Material to process:
● ● ● ●

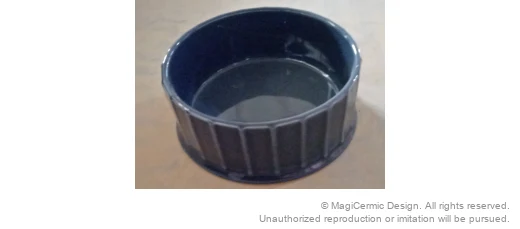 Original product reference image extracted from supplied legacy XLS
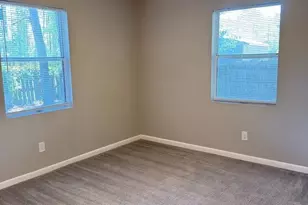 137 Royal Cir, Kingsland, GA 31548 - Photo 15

● ● ● ●

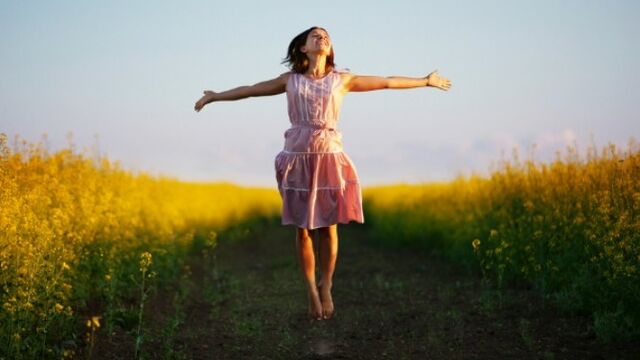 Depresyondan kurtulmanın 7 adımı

● ● ● ●

Required work:
Beginning with the line holding "Original product reference" in the material above, restate word for word each line through the line holding "137 Royal Cir, Kingsland, GA", and exclude pictures.

Response to the task:
 Original product reference image extracted from supplied legacy XLS
 137 Royal Cir, Kingsland, GA 31548 - Photo 15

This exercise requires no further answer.